• The problem: Repeat exactly the lines of the entries below from the one with "2021 Nissan Rogue Sport SV White Marsh MD" through the one with "Certified 2023 Hyundai", both ends included, and nothing else.

*** Opening Exercise data ***

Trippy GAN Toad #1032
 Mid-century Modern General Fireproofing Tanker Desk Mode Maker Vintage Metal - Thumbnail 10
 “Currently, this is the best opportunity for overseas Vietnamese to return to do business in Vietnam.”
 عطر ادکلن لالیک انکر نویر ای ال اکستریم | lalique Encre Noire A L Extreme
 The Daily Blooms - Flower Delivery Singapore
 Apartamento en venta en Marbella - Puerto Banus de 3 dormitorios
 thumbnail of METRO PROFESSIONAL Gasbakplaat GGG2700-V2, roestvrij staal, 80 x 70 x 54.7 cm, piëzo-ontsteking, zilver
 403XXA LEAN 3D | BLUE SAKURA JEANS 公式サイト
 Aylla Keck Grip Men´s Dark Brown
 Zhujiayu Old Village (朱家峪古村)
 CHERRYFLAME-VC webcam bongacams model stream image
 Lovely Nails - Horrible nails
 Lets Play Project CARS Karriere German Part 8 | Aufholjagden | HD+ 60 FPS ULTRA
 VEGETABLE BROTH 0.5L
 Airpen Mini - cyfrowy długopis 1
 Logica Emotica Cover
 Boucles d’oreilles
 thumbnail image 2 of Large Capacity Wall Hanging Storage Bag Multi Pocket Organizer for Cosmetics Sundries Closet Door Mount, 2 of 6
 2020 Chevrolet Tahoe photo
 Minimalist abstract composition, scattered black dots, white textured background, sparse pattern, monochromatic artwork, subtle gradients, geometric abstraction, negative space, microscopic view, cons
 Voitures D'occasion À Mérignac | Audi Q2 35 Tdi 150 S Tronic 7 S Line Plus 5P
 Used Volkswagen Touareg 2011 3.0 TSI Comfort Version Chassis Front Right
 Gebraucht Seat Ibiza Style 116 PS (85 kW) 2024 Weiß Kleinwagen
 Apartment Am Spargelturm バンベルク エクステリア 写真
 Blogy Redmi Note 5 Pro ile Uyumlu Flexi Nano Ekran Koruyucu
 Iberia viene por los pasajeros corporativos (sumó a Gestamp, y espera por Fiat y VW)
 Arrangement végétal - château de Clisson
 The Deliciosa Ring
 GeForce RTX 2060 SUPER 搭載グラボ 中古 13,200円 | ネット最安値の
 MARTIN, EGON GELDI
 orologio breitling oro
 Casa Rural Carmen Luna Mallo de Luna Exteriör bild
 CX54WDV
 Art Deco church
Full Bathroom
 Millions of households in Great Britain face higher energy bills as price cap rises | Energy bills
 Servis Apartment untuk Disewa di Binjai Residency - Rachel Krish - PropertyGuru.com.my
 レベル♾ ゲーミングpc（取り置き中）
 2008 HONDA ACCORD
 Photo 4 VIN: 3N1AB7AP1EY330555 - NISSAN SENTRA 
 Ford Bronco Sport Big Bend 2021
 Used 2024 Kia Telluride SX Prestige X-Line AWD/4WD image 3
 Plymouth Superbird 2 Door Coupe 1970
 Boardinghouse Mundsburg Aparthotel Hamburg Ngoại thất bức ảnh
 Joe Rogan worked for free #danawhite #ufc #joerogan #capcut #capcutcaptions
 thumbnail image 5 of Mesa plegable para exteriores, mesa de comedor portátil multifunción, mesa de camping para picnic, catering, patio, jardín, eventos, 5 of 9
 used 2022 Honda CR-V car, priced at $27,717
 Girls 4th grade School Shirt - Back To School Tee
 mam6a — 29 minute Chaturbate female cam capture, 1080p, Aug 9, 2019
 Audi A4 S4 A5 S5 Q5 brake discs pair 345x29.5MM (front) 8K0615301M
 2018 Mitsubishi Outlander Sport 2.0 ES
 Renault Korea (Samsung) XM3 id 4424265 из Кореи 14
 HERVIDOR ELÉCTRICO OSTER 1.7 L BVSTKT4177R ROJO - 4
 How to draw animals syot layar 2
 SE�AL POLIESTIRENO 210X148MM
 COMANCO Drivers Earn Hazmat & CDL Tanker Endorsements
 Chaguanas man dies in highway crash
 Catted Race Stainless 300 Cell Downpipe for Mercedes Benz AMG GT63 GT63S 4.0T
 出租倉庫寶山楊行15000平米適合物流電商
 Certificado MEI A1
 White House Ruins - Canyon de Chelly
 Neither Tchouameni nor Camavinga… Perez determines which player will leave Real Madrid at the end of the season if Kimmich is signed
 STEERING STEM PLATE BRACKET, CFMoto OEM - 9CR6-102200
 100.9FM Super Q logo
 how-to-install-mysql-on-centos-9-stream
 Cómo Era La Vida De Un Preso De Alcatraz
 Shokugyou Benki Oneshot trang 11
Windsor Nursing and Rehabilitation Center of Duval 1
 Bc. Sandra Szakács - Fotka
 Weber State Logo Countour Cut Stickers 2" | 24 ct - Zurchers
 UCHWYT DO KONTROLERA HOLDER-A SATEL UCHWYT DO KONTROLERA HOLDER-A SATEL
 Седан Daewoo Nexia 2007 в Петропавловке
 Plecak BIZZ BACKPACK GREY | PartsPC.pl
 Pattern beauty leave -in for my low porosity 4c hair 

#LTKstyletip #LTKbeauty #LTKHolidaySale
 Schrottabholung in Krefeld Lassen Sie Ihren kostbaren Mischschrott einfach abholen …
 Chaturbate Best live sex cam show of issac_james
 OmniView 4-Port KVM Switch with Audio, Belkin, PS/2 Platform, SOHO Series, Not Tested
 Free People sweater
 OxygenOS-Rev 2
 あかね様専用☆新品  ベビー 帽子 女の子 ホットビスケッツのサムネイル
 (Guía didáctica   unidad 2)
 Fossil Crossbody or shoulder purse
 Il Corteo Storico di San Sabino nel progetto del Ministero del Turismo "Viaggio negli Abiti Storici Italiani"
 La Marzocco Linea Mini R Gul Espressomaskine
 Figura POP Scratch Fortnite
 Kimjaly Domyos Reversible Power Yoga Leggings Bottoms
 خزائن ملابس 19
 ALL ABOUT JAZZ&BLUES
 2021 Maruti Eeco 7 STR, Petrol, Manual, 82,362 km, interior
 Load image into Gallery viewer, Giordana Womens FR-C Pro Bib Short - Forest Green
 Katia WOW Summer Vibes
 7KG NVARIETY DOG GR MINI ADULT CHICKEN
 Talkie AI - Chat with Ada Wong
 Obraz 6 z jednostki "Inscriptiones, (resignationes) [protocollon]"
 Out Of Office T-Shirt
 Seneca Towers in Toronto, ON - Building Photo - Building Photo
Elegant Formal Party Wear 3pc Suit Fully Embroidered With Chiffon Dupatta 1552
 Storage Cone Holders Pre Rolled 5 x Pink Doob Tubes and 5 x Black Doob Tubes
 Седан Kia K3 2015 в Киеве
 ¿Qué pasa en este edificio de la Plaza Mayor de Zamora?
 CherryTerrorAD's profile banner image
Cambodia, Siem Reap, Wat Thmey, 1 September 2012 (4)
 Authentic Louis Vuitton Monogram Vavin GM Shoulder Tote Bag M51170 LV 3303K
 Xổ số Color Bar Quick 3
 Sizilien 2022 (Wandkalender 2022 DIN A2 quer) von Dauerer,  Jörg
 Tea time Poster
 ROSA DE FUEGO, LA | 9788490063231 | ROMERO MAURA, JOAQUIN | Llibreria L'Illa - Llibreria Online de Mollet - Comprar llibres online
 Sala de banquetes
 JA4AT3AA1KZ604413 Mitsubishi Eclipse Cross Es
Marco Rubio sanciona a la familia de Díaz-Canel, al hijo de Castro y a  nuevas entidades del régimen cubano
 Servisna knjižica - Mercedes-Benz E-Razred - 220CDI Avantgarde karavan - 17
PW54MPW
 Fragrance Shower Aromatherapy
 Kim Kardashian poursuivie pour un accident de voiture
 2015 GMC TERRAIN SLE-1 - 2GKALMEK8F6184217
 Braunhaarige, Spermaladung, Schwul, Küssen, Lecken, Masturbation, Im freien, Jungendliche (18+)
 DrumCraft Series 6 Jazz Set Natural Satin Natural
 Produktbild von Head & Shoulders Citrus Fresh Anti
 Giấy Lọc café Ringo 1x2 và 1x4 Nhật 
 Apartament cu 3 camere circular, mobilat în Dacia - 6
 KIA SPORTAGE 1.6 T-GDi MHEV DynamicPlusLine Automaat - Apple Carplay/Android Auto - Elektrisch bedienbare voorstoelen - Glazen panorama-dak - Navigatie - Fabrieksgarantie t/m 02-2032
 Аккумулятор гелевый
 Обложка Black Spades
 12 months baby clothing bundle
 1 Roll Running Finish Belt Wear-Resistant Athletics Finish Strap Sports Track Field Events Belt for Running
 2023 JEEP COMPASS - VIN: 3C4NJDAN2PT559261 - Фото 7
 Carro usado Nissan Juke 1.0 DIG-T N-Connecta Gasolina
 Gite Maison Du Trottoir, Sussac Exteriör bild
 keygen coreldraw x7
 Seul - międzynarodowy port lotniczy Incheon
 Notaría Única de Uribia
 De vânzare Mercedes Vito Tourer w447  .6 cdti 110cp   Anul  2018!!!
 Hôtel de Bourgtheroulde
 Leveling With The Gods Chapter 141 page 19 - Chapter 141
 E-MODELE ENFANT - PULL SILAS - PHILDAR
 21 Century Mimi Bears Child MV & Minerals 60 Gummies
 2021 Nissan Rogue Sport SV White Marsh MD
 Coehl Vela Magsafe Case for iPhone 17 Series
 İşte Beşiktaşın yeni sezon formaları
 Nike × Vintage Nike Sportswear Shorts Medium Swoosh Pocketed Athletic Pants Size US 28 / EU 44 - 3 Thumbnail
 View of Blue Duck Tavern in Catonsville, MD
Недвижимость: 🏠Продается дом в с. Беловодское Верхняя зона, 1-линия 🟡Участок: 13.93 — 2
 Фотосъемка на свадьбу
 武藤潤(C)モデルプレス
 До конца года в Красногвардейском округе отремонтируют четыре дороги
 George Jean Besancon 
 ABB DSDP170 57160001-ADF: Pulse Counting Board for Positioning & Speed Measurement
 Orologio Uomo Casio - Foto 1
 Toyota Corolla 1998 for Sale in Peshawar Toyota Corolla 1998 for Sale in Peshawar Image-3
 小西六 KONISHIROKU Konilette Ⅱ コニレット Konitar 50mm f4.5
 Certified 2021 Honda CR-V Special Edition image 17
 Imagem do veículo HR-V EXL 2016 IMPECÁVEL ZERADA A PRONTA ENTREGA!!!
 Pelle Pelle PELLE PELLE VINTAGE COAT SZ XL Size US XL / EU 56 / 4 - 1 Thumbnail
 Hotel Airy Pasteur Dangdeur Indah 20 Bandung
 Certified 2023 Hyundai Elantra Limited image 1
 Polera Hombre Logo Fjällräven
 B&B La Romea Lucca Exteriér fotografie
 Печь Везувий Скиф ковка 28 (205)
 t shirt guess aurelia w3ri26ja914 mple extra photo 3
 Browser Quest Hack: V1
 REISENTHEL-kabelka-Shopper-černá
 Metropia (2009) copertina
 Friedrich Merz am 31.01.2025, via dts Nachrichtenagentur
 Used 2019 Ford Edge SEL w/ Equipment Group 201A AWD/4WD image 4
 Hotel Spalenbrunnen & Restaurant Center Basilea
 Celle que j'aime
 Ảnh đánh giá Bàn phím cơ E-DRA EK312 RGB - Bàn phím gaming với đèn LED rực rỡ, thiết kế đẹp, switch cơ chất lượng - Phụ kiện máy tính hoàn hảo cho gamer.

*** Closing Exercise data ***

• Response for this exercise:
 2021 Nissan Rogue Sport SV White Marsh MD
 Coehl Vela Magsafe Case for iPhone 17 Series
 İşte Beşiktaşın yeni sezon formaları
 Nike × Vintage Nike Sportswear Shorts Medium Swoosh Pocketed Athletic Pants Size US 28 / EU 44 - 3 Thumbnail
 View of Blue Duck Tavern in Catonsville, MD
Недвижимость: 🏠Продается дом в с. Беловодское Верхняя зона, 1-линия 🟡Участок: 13.93 — 2
 Фотосъемка на свадьбу
 武藤潤(C)モデルプレス
 До конца года в Красногвардейском округе отремонтируют четыре дороги
 George Jean Besancon 
 ABB DSDP170 57160001-ADF: Pulse Counting Board for Positioning & Speed Measurement
 Orologio Uomo Casio - Foto 1
 Toyota Corolla 1998 for Sale in Peshawar Toyota Corolla 1998 for Sale in Peshawar Image-3
 小西六 KONISHIROKU Konilette Ⅱ コニレット Konitar 50mm f4.5
 Certified 2021 Honda CR-V Special Edition image 17
 Imagem do veículo HR-V EXL 2016 IMPECÁVEL ZERADA A PRONTA ENTREGA!!!
 Pelle Pelle PELLE PELLE VINTAGE COAT SZ XL Size US XL / EU 56 / 4 - 1 Thumbnail
 Hotel Airy Pasteur Dangdeur Indah 20 Bandung
 Certified 2023 Hyundai Elantra Limited image 1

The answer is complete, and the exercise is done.